Speaker ASo what the question is, when did you last give yourself credit for something that you did with your dog?
Speaker ANow, it doesn't have to be a big thing.
Speaker AAnd as I say in the intro to the podcast, it's not about the perfect walks and it definitely isn't about these big breakthrough training sessions or moments that you've had with them.
Speaker AJust something small, something that you might have handled better than you did a few months ago, perhaps, or something that you've noticed or tried between you and your dog.
Speaker AAnd I'm gonna guess that it's been a while since you gave yourself credit for something that you did with your dog?
Speaker ABecause most of the dog parents that I talk to and work with and most of the dog parents who listen to this podcast are just much, much quicker to catalog what went wrong and list what went wrong, and it comes to you in an instant.

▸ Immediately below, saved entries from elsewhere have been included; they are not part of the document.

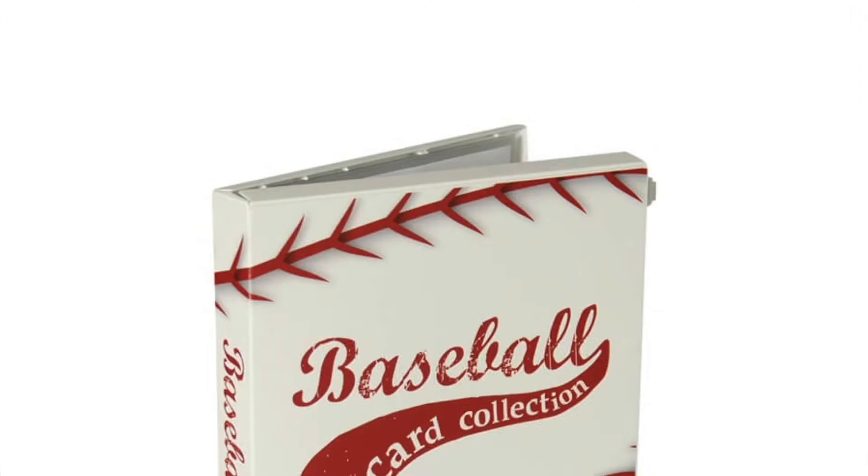It seems like prospectors don't really enjoy 2019 Bowman Chrome based on the checklist, while just about everyone else collecting it seems to really enjoy it. The one thing I think we can all agree on is that 2019 Bowman Chrome is a bit overpriced — just wait until next year. We had a great case of 2019 Bowman Chrome hobby. Color really popped, text on the back needs to be bumped up, and the checklist inconsistencies really need to be ironed out. Other than that, we had a really fun time, and for that I would rate this: binder.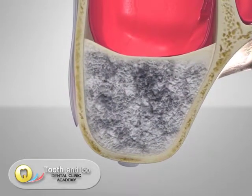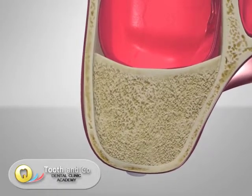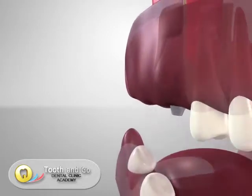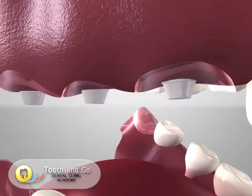Around 2 to 4 months after the placement of the implants, these implants will osseointegrate. Abutments and crowns can now be placed on the implants to complete the reconstructive work.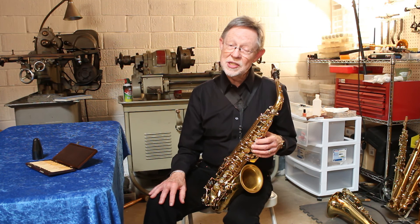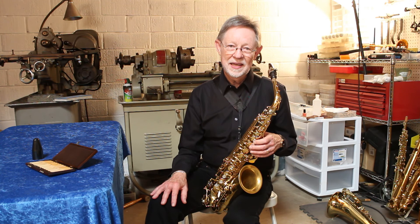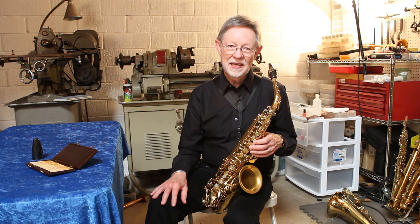So the next time I happen to be in your area, I hope you'll come and join me for my master clinic and hope to see you then. Thank you. Okay, guys, good-bye.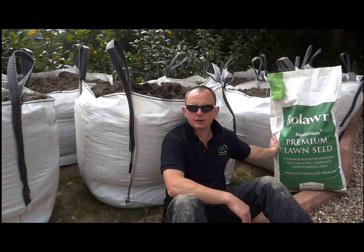So today we're going to start actually getting the topsoil out onto the ground, and once I've got the main area at the back sorted out I'll show you how that is before we get it raked, graded and levelled.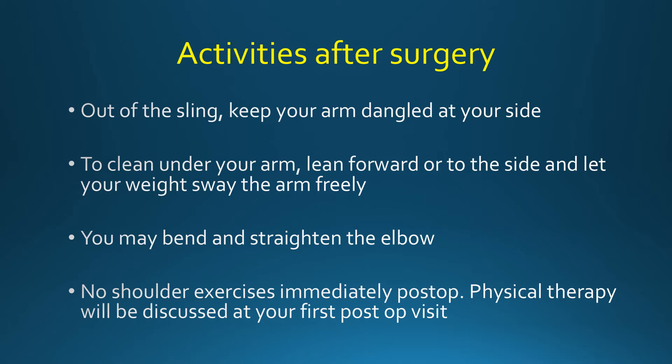You may bend and straighten the elbow to touch your face. While bending and straightening the elbow, please do not hold anything heavier than a pen, pencil, spoon, or fork in your hand.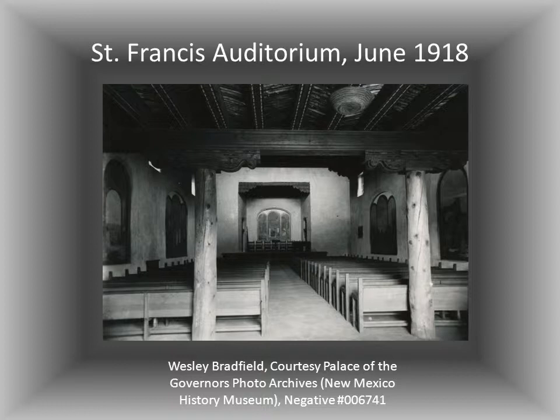Hewitt, the director, and the architect, Rapp, were dead against all this woodwork because they were intent on fireproofing the place. But Jesse Nussbaum supported that woodwork — he fought for it and prevailed. He was fresh from working on the ruined Pecos mission, and he modeled the vigas here, the shaped corbels at each end, and the chip-carved ornament on fragments that he found out at Pecos.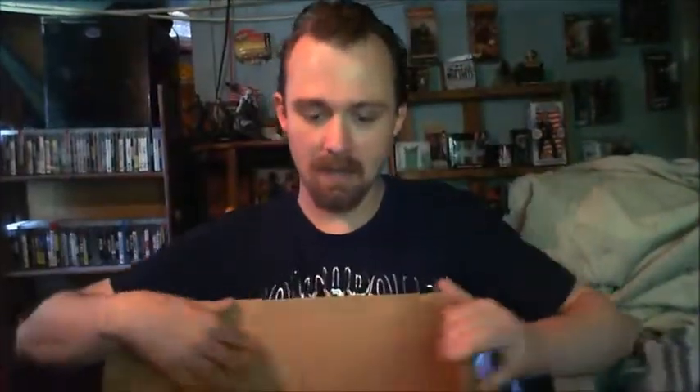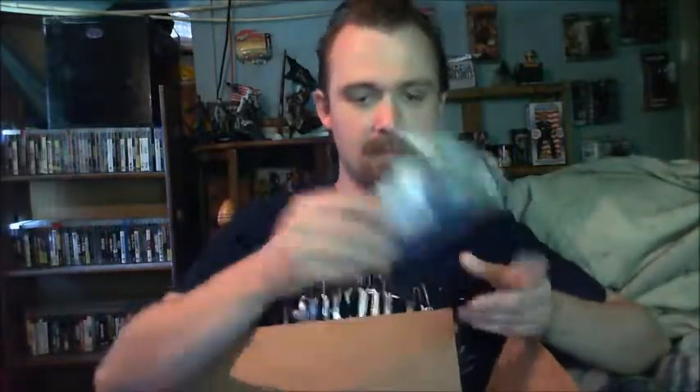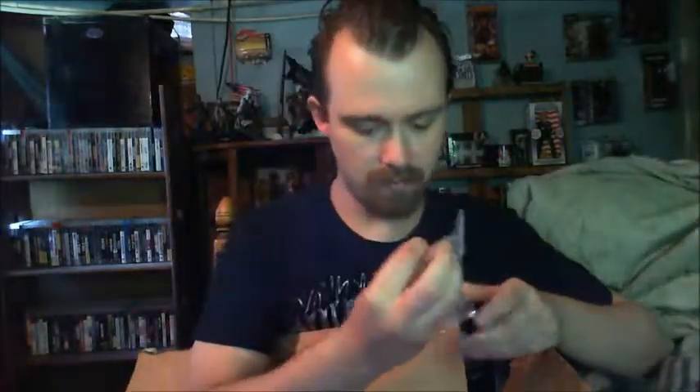Hey YouTube and welcome to an Amazon unboxing, let's get started. Package was already open by the way. Bubble wrap, more bubble wrap — can't think what this is off the top of my head.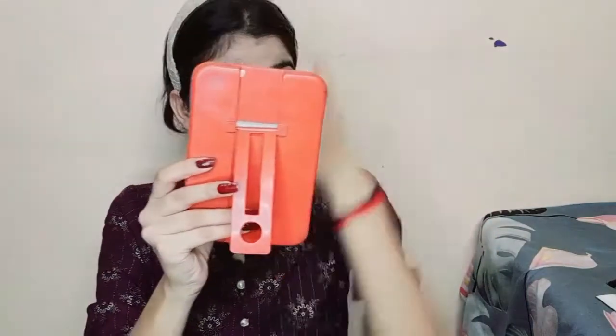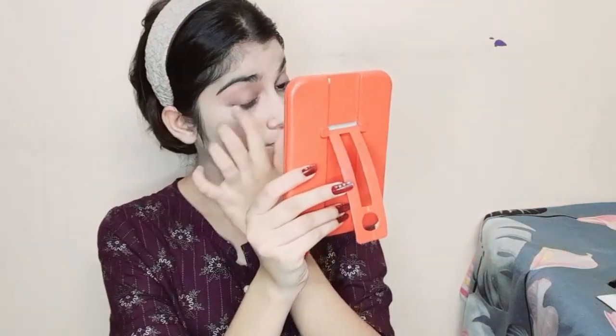After eyebrows, I am going to apply eyeshadow. I will apply a light color so that my eyes look presentable. Since it is a daytime look, I will apply just a little bit more. You can blend it easily with your finger — you don't need any special product. You can see the difference between both eyes; it is looking more presentable. My eyeshadow is done and it is very light and very natural.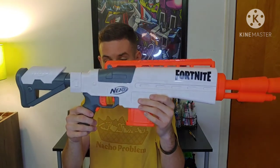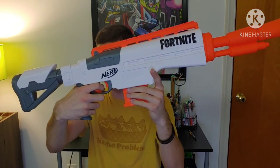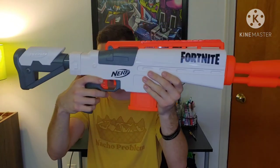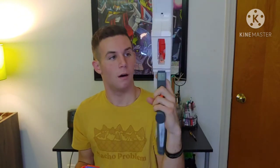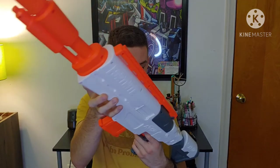In terms of loading and operating the blaster: right in front of the trigger you have the mag release, so you can press forward and pull the magazine out. This makes reloading quicker. The rev trigger is right underneath the trigger guard. If you have a jam, there's a jam door on the side where you can clear it out. The blaster is also compatible with other magazines from the mainline Nerf N-Strike line — if you have the Fortnite Scar magazine, you can put that in here too.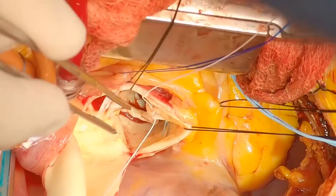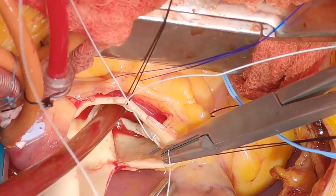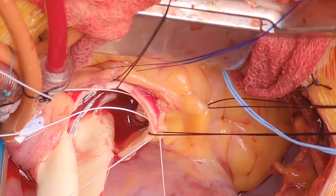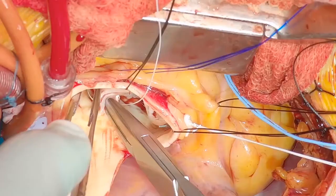I used to use 5-O ethibond for this, but stopped many years ago because I had a patient where it tore through. The Gore-Tex PTFE has a bit more springiness to it and is a bit thicker. Because it's not a multifilament suture, it's less likely to saw through the tissue. We put a pledget on this to anchor it so it doesn't tear through the aorta. Without that, particularly if sutures are close together, you may have bleeding from this figure-of-8 suture. An external pledget helps, and I put a clip on so it doesn't unravel — one of the problems with Gore-Tex.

Speaker AI bet if I asked you the opposite question, you would think of things immed immediately.
Speaker AOh, well, you know, the walk went really badly.
Speaker AMy dog reacted.
Speaker ALike, all these things you could just list straight away.
Speaker ABut I'm asking you, when did you last give yourself credit for something that you did with your dog?
Speaker AAnd I'm guessing that you're going to be thinking much harder and much longer.
Speaker AAnd if you're not amazing, it's great that you've got that awareness.
Speaker ABut it's not something that comes naturally.
Speaker AThat bad walk gets replayed on a loop.
Speaker ABut the moment that you kept your cool without getting frustrated or that small win that you had in.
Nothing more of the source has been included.